Skocz do zawartości


Zdjęcie

Jak zrodziła się i upadła jedna z najgłośniejszych dyktatur XX wieku.


  • Zaloguj się, aby dodać odpowiedź
68 odpowiedzi w tym temacie

#31

Mr. Mojo Risin'.
  • Postów: 988
  • Tematów: 23
  • Płeć:Mężczyzna
  • Artykułów: 3
Reputacja znakomita
Reputacja

Napisano

Demokracja z definicji jest totalna, gdyż zakłada, że całość społeczeństwa będzie aktywna politycznie - tylko i wyłączne jako zwolennik demokracji. W idealnej demokracji nie ma miejsca dla ludzi o innym podejściu do rzeczywistości - w niektórych krajach jest nawet nakaz udziału w życiu politycznym (wybory) pod karą więzienia. Demokracja z całym poświęceniem i oddaniem będzie ścigać i urywać łby swoim fundamentalnym przeciwnikom.
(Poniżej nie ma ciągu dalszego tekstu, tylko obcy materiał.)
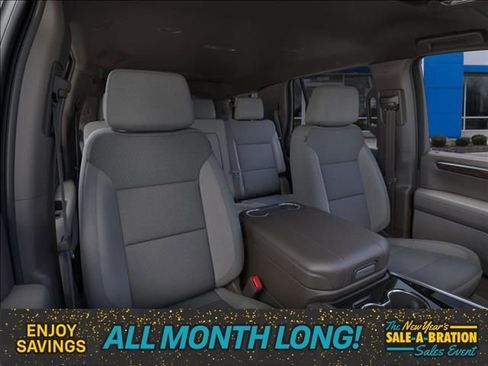 New 2026 Chevrolet Tahoe LS image 16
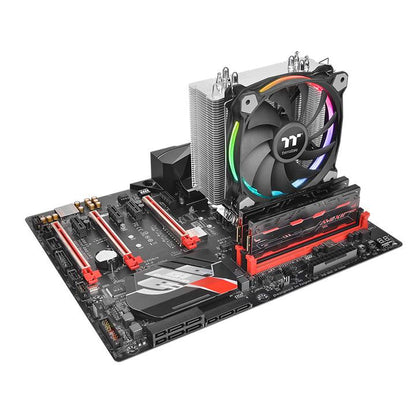Riing Silent 12 RGB Sync Edition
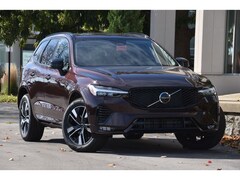 2026 Volvo XC60 B5 Plus AWD SUV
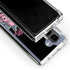 Adult Swim Rick and Morty Split Head Rick Galaxy Z Fold5 5G Clear Case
Dyktatura - rozumiem przez to słowo każdy ustrój niedemokratyczny, zgodnie z rozumieniem tego słowa przez apologetów europejskiej socjal-demokracji, gdyż zapomina się często, że komunizm sowiecki również był ustrojem demokratycznym, zaś tzw. III Rzesza nie zmieniła fundamentalnie ustroju politycznego tzw. republiki - nie wymaga natomiast od obywateli obowiązkowego udziału w micie "samorządu obywateli". W dyktaturze ideologia ma często znaczenie drugorzędne i panuje rywalizacja i ciągle otwarte jest pole do szerokiej zmiany ustrojowej - politycznej i gospodarczej. Tutaj może ścierać się elitarna republika, monarchia we wszelkich kolorach, lub despotia na równych prawach, często zostawiając przytłaczającą większość społeczeństwa w stanie neutralnym (dzieje polityki wewnętrznej monarchii europejskich są przykładem). W niedomokratycznych typach ustrojowych zwykły człowiek ma często zapewniony o wiele szerszą autonomię w życiu prywatnym, niż w demokracji, dążącej do monopolu w dyskursie publicznym i wychowaniu obywateli na myślących politycznie i tak samo swoich orędowników. W demokracji życie publiczne i prywatne jest totalne, gdyż cały porządek myślenia jest upolityczniony.
Demokracja ma na celu porządkowanie życia prywatnego, społecznego na poziomie rodziny, wspólnot lokalnych, jak i całościowego, wychodząc z założenia: większość ma zawsze rację - we wszystkim. W Austro-Węgrach byłoby nie do pomyślenia, żeby jakiś parlament zajmował się latami nad ustawami dotyczącymi stosunku rodziców do dzieci i na odwrót, zakazując np. kar cielesnych. Nikt by nie pomyślał, by urzędnik państwowy arbitralnie zabierał dzieci od rodziców, odbierając im wszelkie prawa rodzicielskie.
Bo w demokracji wszystko należy do niej i ma być jej podporządkowane. Dzieci są państwa - a nie rodziny.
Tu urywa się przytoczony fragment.